Six different, sizable on-camera roles in one year—that’s an impressive amount, one that’s almost exhausting to catalog. His voiceover work was comparatively smaller potatoes, with one huge exception.
Cera’s guest spot in the animated comedy Praise Petey reunited him with Annie Murphy. He played a kid in a single episode that aired in August. It’s a cute appearance, and Cera’s one of those adult men who can convincingly voice a child; that’s all I’ll say about that. (I will add, however, that the quickly canceled Praise Petey was much funnier than its summer burnoff-status suggested.)
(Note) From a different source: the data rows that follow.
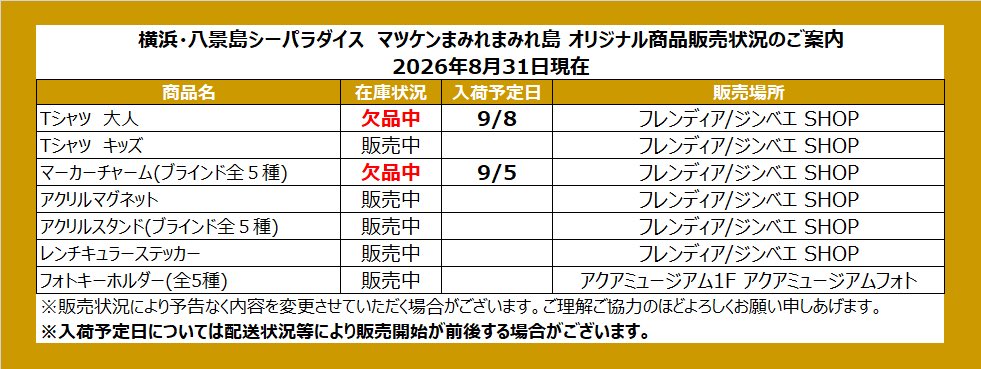 seaparadise_ag's tweet photo. #マツケンまみれまみれ島 #シーパラ 
【マツケングッズ販売状況のお知らせ】
8/31現在の販売状況について更新しました。
詳しくは添付画像をご確認ください。

更新の際はこちらのアカウントよりお知らせいたします。 https://t.co/WJU6W7WcyP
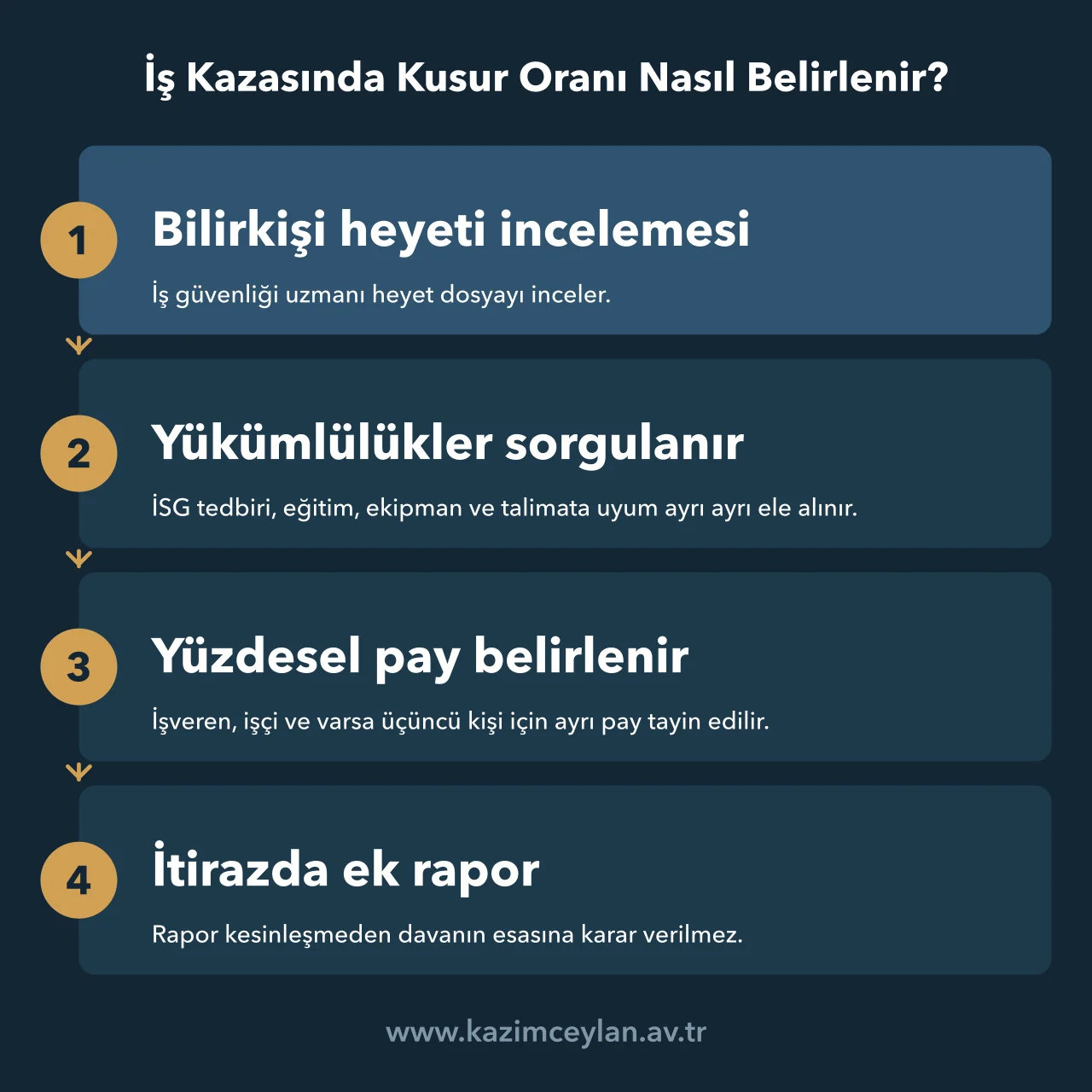İş Kazasında Kusur Oranı Nasıl Belirlenir Bilirkişi heyetinin iş kazasında kusur oranını belirlerken izlediği dört aşama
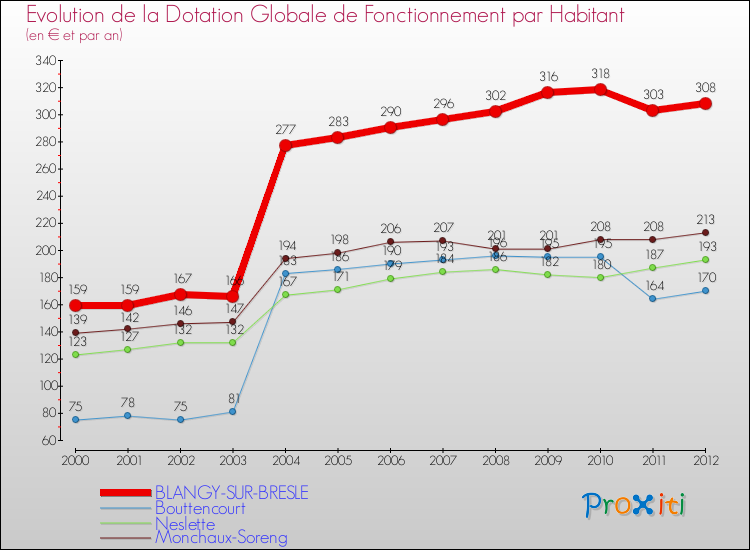 Evolution et montant de la dotation globale de fonctionnement par Habitant pour BLANGY-SUR-BRESLE et les communes proches Comparaison des dotations globales de fonctionnement par habitant pour BLANGY-SUR-BRESLE et les communes voisines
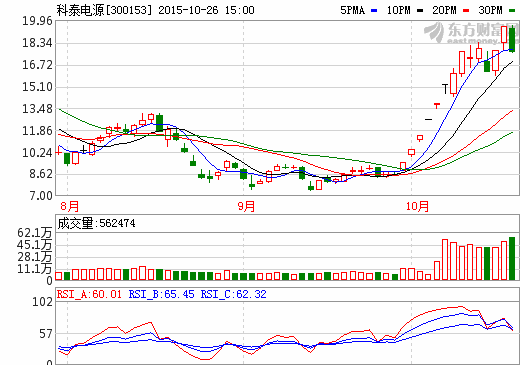 科泰電源掙扎乏力 科泰電源掙扎乏力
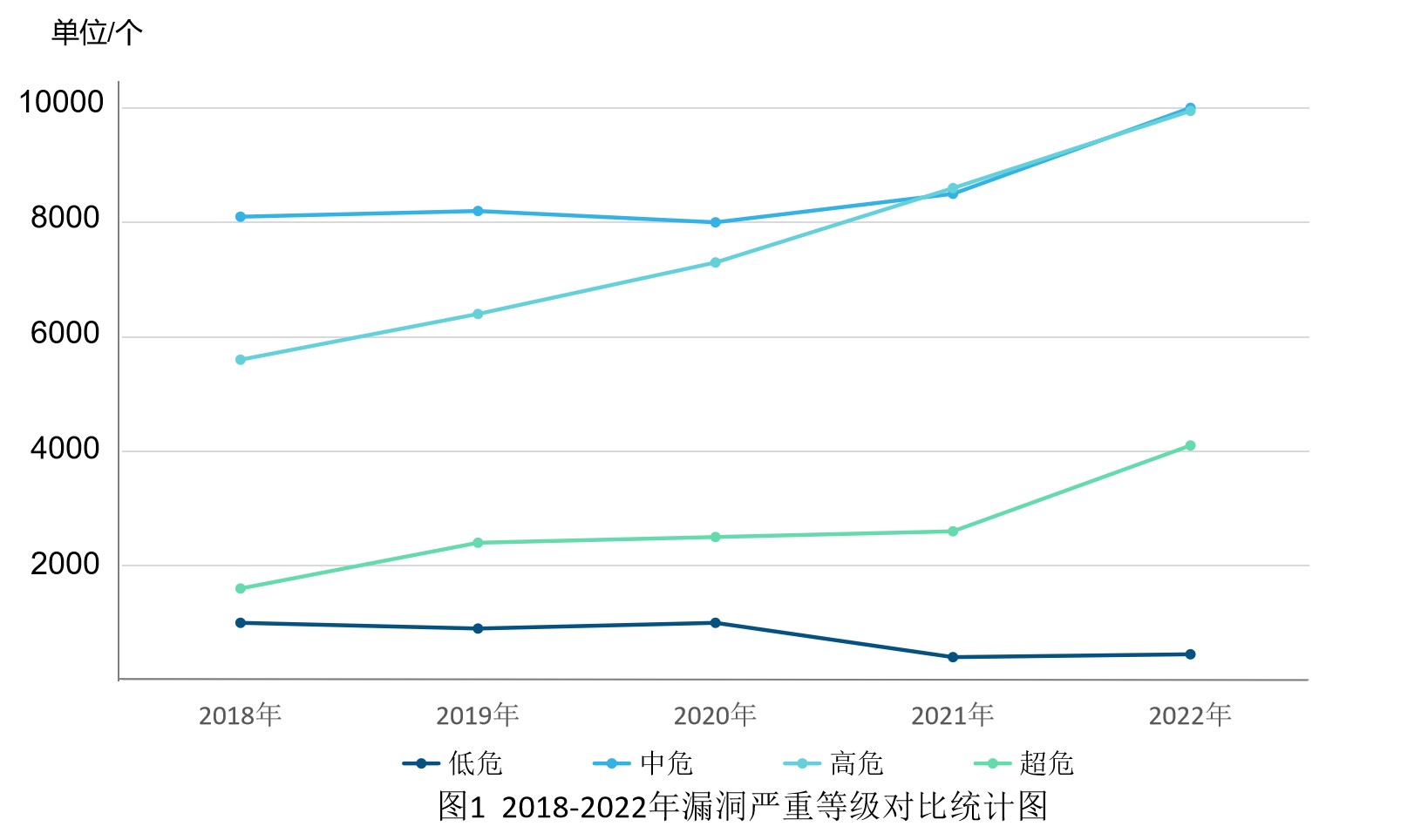 数据2.jpg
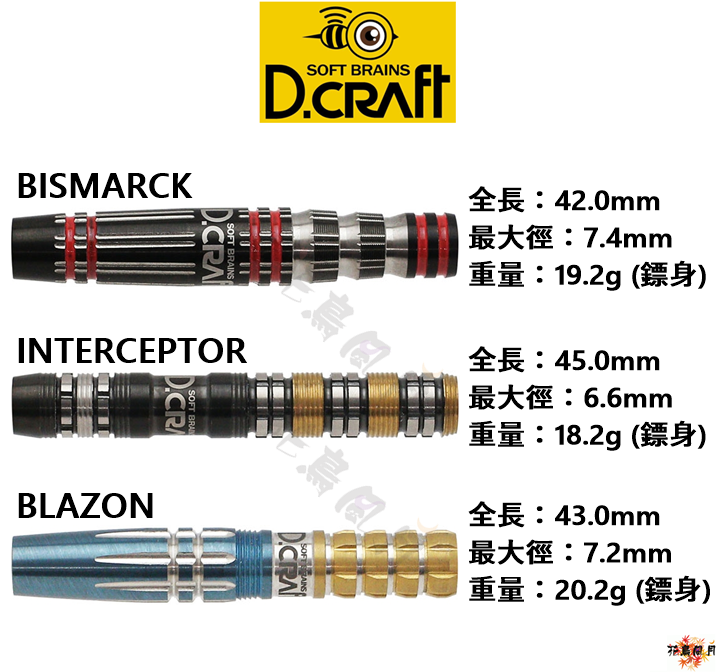 DCRAFT-Barrel-90-Tungsten-emperor-series.png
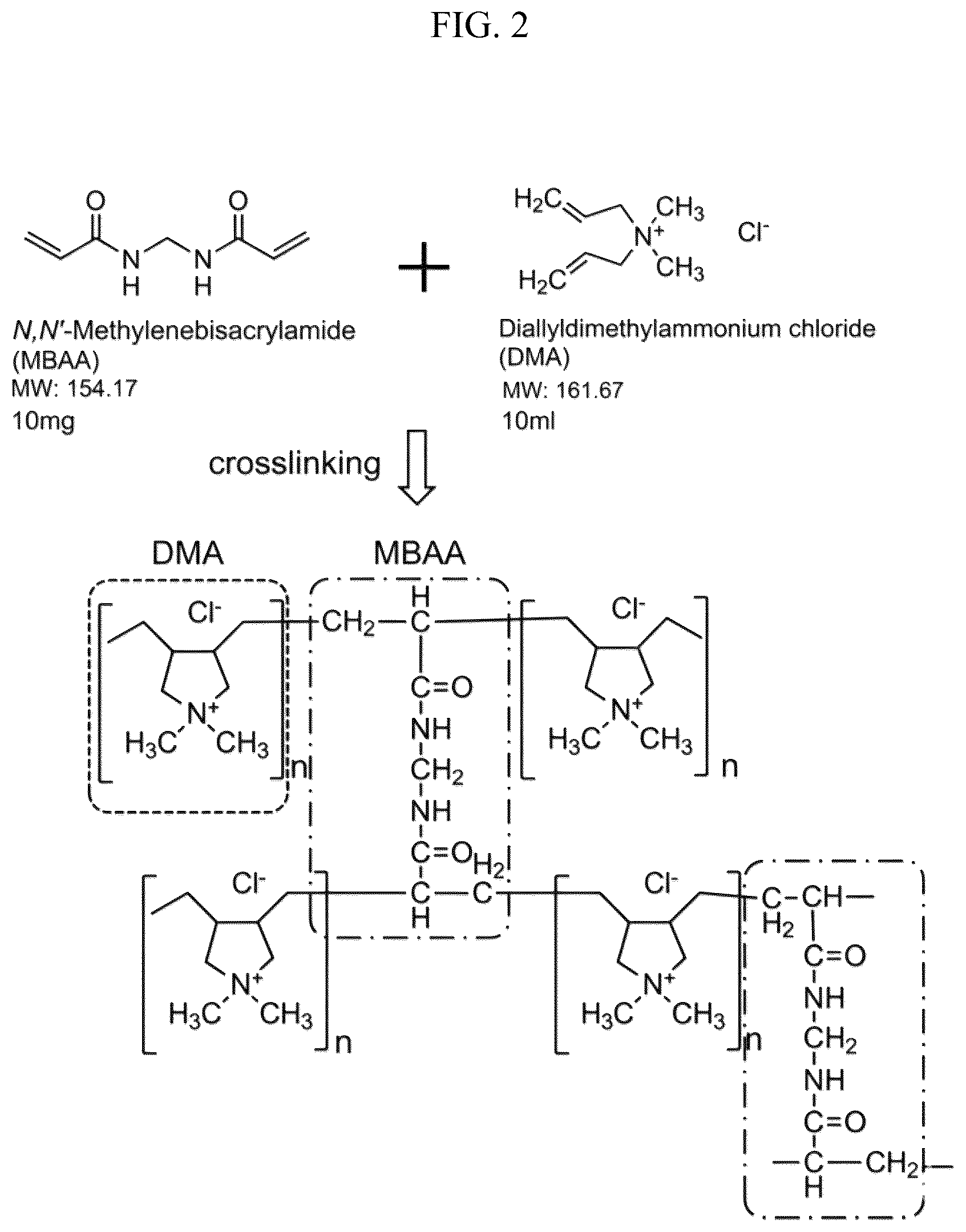 Patent US12586818 Figure 2 – Dextrin-DADMAC based double network polymer gel electrolyte, method for preparing the same and energy storage device including the same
Under the Boardwalk was another animated project sent out to die, this one a feature film in which Michael Cera voices a hermit crab from the Jersey Shore. The movie itself is instantly forgettable, but I wouldn’t mind throwing it on for a child as background noise if I had to babysit. Cera is a shy land crab named Armen, who falls for a vivacious sea crab named Ramona (Keke Palmer). The pair get captured, Finding Nemo-style, when they venture onto the boardwalk that they’re meant to avoid. There’s also some turf wars between the land and sea crabs, a la West Side Story.
Don’t watch this one for the story, though. Watch it to hear Cera try and fail to do a Jersey accent. I have watched Under the Boardwalk’s trailer many, many times, because hearing Cera say, “The sun is shinin’, everybody’s out there havin’ fun,” never fails to make me laugh. When this movie went straight to streaming in October, we learned that The Adults was misleading—maybe Cera can do a Tony Soprano for a stint, but he cannot carry that for an entire movie. Armen only sometimes has an accent, and it’s more pronounced in some scenes than others. Listen: Cera may be Sicilian, but he hung out on the shores of Lake Ontario growing up, not Manasquan.
Michael Cera’s third voiceover role and final performance of the year was the one that affirmed for me that 2023 belonged to him. I’ve written about how excellent November’s Scott Pilgrim Takes Off is before, calling it a dream come true for fans of the graphic novels and film. But, ironically, one of the best parts about the series is how little Scott Pilgrim (voiced by Cera) appears in it.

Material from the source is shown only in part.